To determine whether iron-mediated DNA damage was specific for mtDNA or perhaps shared by nuclear DNA, we also performed PCR amplification of a long fragment of the nuclear beta-globin gene (13 kb) as well as a short segment of the beta-globin gene (223 bp) (as a control for input of nuclear DNA). Primers for amplification of the 13 kb long fragment and the 223 bp short fragment of the beta-globin gene are listed in the supplementary Table. Amplified products were resolved and quantified as described above [9,10].
Real time quantitative PCR
For quantitative real-time reverse transcript polymerase chain reaction (qRT-PCR) total RNA was extracted using an RNeasy® Mini Kit (Qiagen, Inc., Valencia, CA). qRT-PCR was performed using Power SYBR® Green PCR Master Mix (Applied Biosystems, Foster, CA) on the DNA Engine Opticon II real-time system (Bio-Rad Laboratories, Hercules, CA). qRT-PCR was done for mRNAs encoded by both nuclear and mitochondrial genes. The primers used are listed in the supplementary Table. All tests were performed in triplicate and all experiments were repeated three times. The amplification data were analyzed with Opticon Monitor analysis software. Calculations were based on the ‘Delta-Delta method’ using the equation R (ratio) = 2−[ΔCT sample − ΔCT control] [11]. The integrity of amplified DNA was confirmed by determination of melting temperature. The data were expressed as fold changes of the treatment groups in relation to the controls.

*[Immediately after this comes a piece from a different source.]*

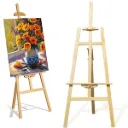 Artist Wooden Easel Stand – 1.7m (Adjustable, Up to A0)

Measurement of mitochondrial oxygen consumption
Mice were anesthetized with Avertin, exsanguinated via aortic puncture and the heart was quickly removed. Heart weight was measured and the heart was immediately placed in 10 ml cold isolation buffer (220 mmol/L mannitol, 70 mmol/L sucrose, 5 mmol/L MOPS, pH 7.4) and washed 5 times with the same buffer. The tissue was homogenized with a Dounce homogenizer on ice in a buffer of 220 mmol/L mannitol, 70 mmol/L sucrose, 5 mmol/L MOPS, 2 mmol/L EGTA and 0.2% bovine serum albumin (BSA), pH 7.4 on ice. The supernatant was collected by passage through cheesecloth and the cheesecloth was washed twice with equal volumes of the buffer. The filtered supernatant was centrifuged at 5,000 × g for 10 min. The pellet was resuspended in 200 µl of cold isolation buffer, and the protein concentration was measured using bicinchoninic acid (Pierce, Rockford, IL, USA) [12]. Oxygen consumption was measured using a Gilson Oxygraph with a Clark electrode (Yellow Springs Instrument Co., Yellow Springs, OH, USA). Results were adjusted for variations in protein to reflect O2 consumed/min/mg protein.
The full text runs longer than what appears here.